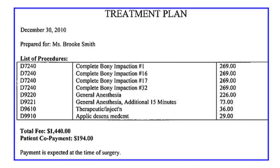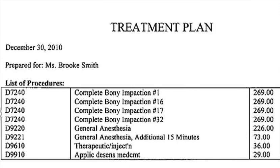Alright Brooke, I've got your treatment plan. Doctor has indicated that you will be having the extraction of all four wisdom teeth. The cost includes the wisdom teeth, the general anesthesia, your therapeutic injection, and the Socket that we talked about previously. It looks like insurance will be picking up everything at 90% including the Socket, leaving your patient co-pay at $194. Our billing code for Socket is D9910, and MetLife, which is her dental insurance company, has indicated they will pay 90% of the Socket, leaving her co-pay at $2.90.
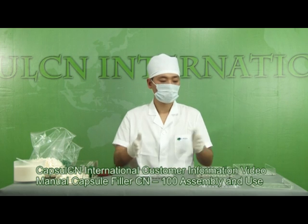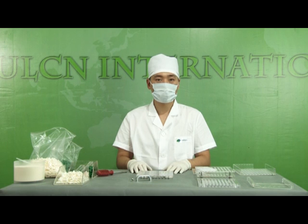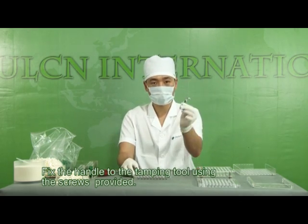Capsule CN International, Customer Information Video. Manual Capsule Fillers CN100, Assembly and Use. Fix the handle to the tamping tool using the screws provided.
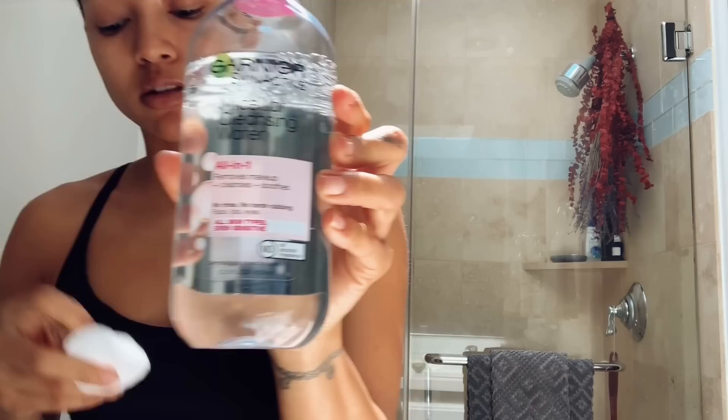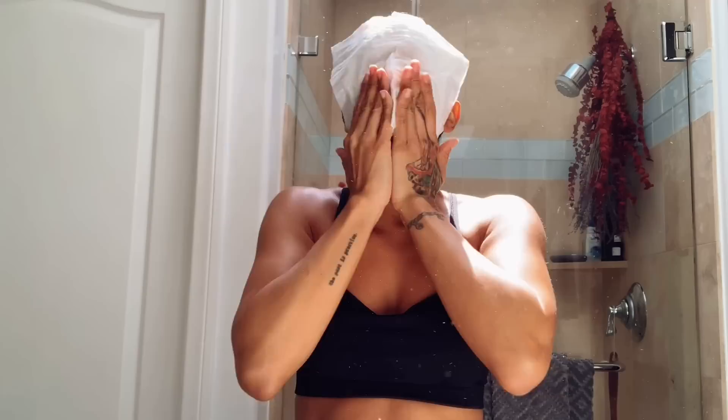I don't have anything on my face right now except some moisturizer, so I'm just gonna clean my face. I'm gonna put some water on it — get a tissue.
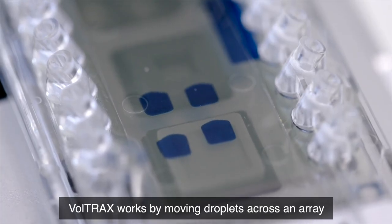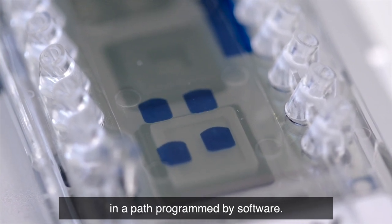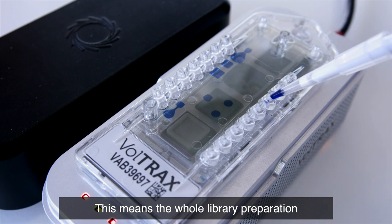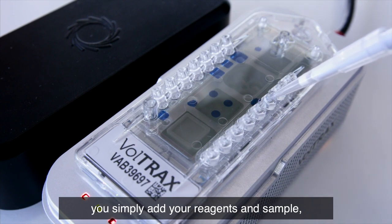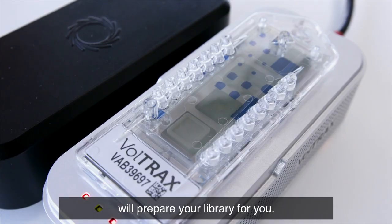Voltrax works by moving droplets across an array in a path programmed by software. This means the whole library preparation process is hands-off. You simply add your reagents and sample, select your program, and the device will prepare your library for you.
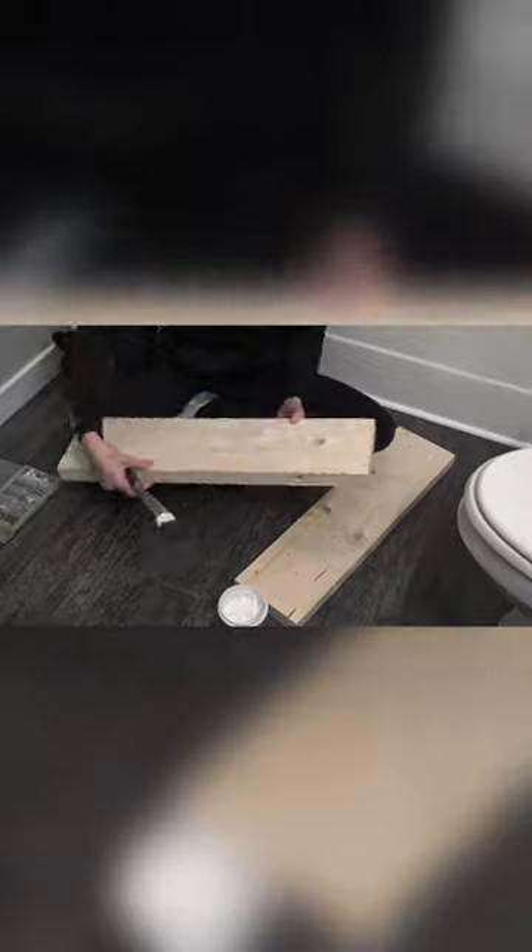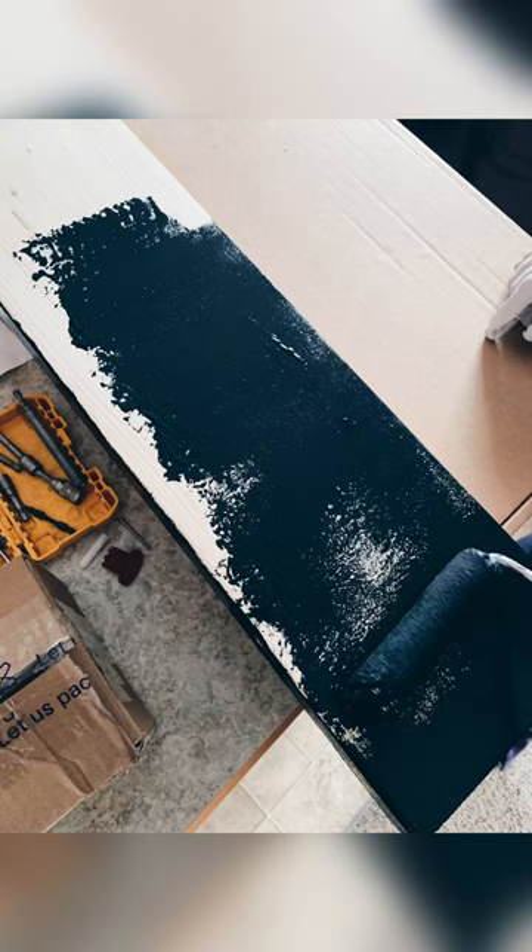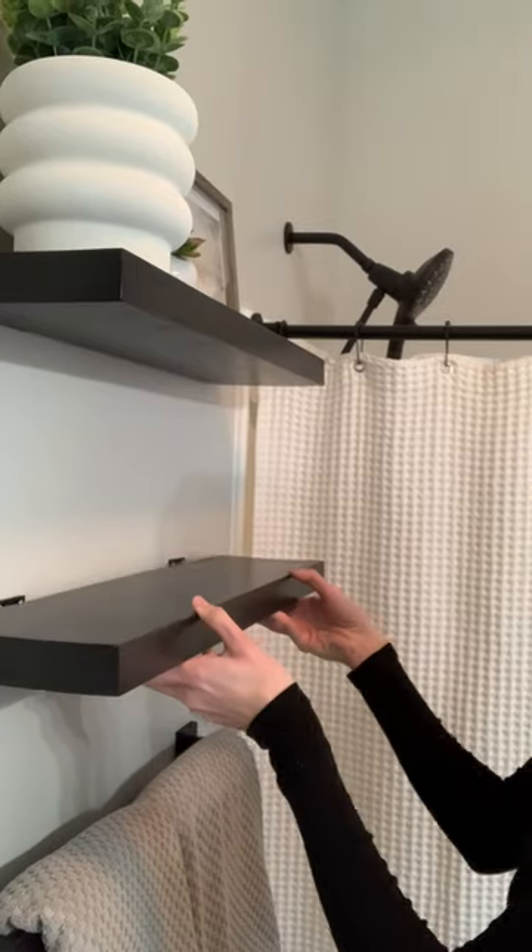Use spackle to fill imperfections and give them a smooth finish. Painted using my favorite color, tricorn black.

----------

*Exercise brief:*
For this exercise, transcribe the data exactly but without its pictures.

*Task output:*
Alright Brooke, I've got your treatment plan. Doctor has indicated that you will be having the extraction of all four wisdom teeth. The cost includes the wisdom teeth, the general anesthesia, your therapeutic injection, and the Socket that we talked about previously. It looks like insurance will be picking up everything at 90% including the Socket, leaving your patient co-pay at $194. Our billing code for Socket is D9910, and MetLife, which is her dental insurance company, has indicated they will pay 90% of the Socket, leaving her co-pay at $2.90.
Capsule CN International, Customer Information Video. Manual Capsule Fillers CN100, Assembly and Use. Fix the handle to the tamping tool using the screws provided.
I don't have anything on my face right now except some moisturizer, so I'm just gonna clean my face. I'm gonna put some water on it — get a tissue.
Voltrax works by moving droplets across an array in a path programmed by software. This means the whole library preparation process is hands-off. You simply add your reagents and sample, select your program, and the device will prepare your library for you.
Use spackle to fill imperfections and give them a smooth finish. Painted using my favorite color, tricorn black.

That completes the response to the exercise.